E como dizia Chaplin, numa frase que particularmente me incomoda: “amigos são a família que Deus nos permite escolher”. Me incomoda sim, mas só como uma coceirinha de leve. Talvez porque eu seja o melhor amigo da minha mãe e que por vezes nos esquecemos dos nossos laços sanguíneos, que quando crianças a minha avó e meu avô tenham sidos meus maiores pilares de sustentação e hoje me esforço pra ser um pilar de sustentação pra eles e que quando lembro da tia que me criou e me ensinou o gosto pela leitura, mas hoje mora longe, paro um momento e meus olhos lacrimejam. A família também são os amigos que Deus nos dá.

E é só quando eu acho que somos plenos desse valor que somos capazes de transmitir de verdade o que sentimos para outras pessoas. Para aqueles que também representam nossas estruturas, aqueles que batizamos com a palavra: amigo. A amizade é de longe uma das coisas mais fantásticas, intrigantes e misteriosas do universo. Pois é uma palavra super bobinha que explica como podemos nos relacionar com as pessoas mais fantásticas, intrigantes e misteriosas do universo.

Amigos vêm, amigos vão, existem aqueles que nós queremos que nunca nos deixem, mas nos deixam, existem aqueles que nos deixam, mas voltam, existem aqueles que nós deixamos, aqueles que ficam para sempre, aqueles que nos conhecem melhor que nós mesmos, aqueles que não nos conhecem, mas nós adoramos mesmo assim. Minha avó costumava dizer que existe uma grande diferença entre amigo e colega. Amigo é uma palavra muito forte, e que nós temos que saber exatamente o valor dela, para usá-la somente com as pessoas certas. Por isso eu meio que encho o peito e falo num tom mais grave ou simplesmente diferente quando me refiro a alguém como meu amigo.

Eu não acho que exatamente a gente escolhe nossos amigos.

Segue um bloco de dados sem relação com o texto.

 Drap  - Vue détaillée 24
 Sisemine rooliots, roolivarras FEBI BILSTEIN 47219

É um tipo de química, algo que liga no seu cérebro e no da outra pessoa e que vai deixar vocês unidos agora e vocês nem perceberão isso. Uma ligação que não se sabe onde está e que pode ser alimentada e destruída por ‘n’ fatores.

Se existe a série Brothers & Sisters, eu acho que uma melhor ainda seria Family & Friends. Porque de certo modo, por todos, nós compartilhamos um sentimento especial. Todos nós amamos e desejamos o melhor sempre que possível, pois essa é na verdade a grande coincidência entre amigos e familiares, o bem que nós desejamos um aos outros. Se você não compartilha disso, possivelmente é porque não tem fé, não só na família ou nos amigos, mas principalmente em si mesmo.

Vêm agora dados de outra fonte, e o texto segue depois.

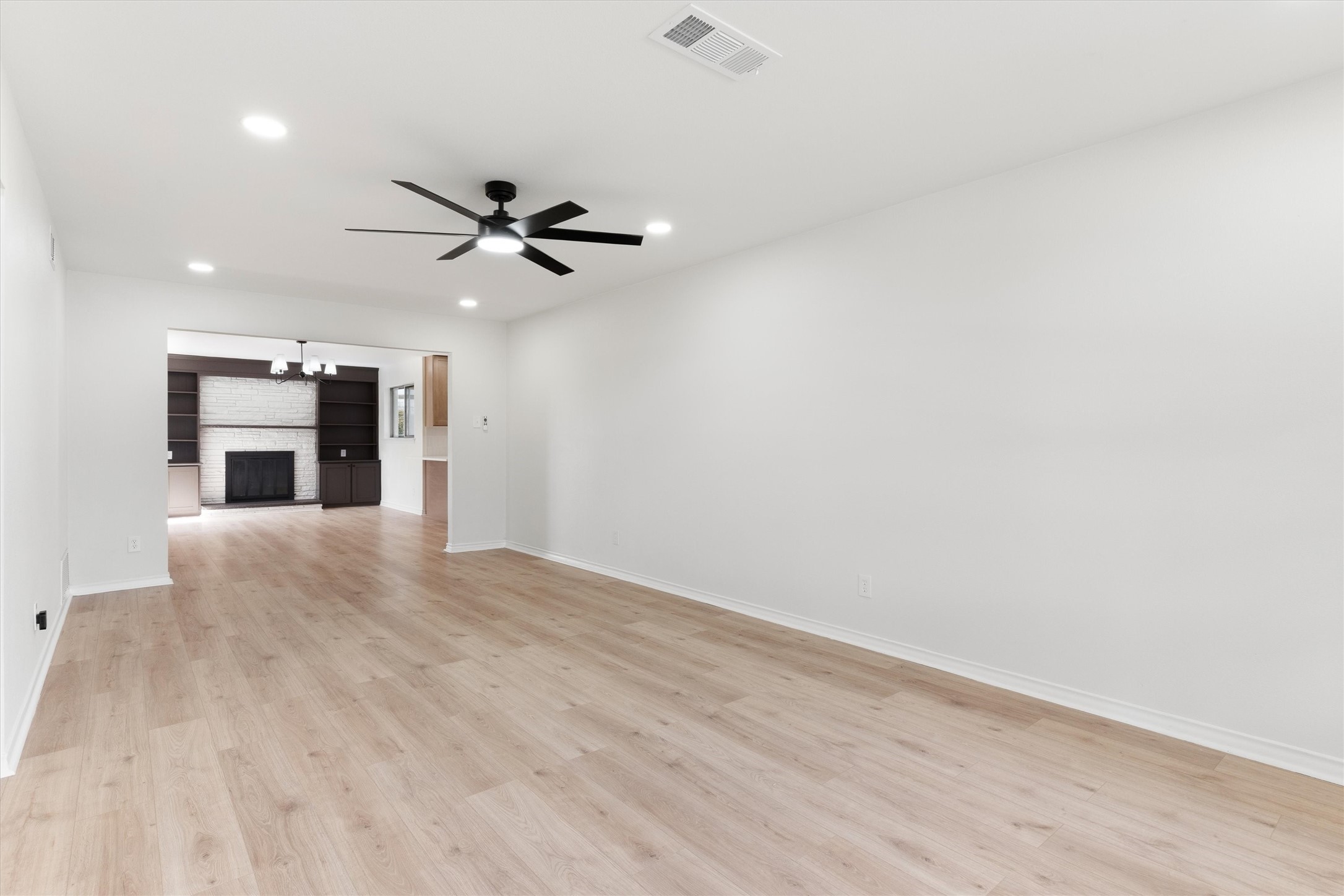 3138 Touraine Drive Dallas TX 75211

Se você conseguiu chegar até o fim desse texto já deve ter percebido que ele é totalmente diferente dos outros que eu escrevi, mas se eu o desapontei não vou me desculpar por isso. Essa na verdade é uma carta de amor que eu escrevo aos meus amigos e a minha família, aqueles que ajudam eu a ser quem eu sou, e que eu me esforço todos os dias para ajudá-los a continuar sendo aqueles que eu amo.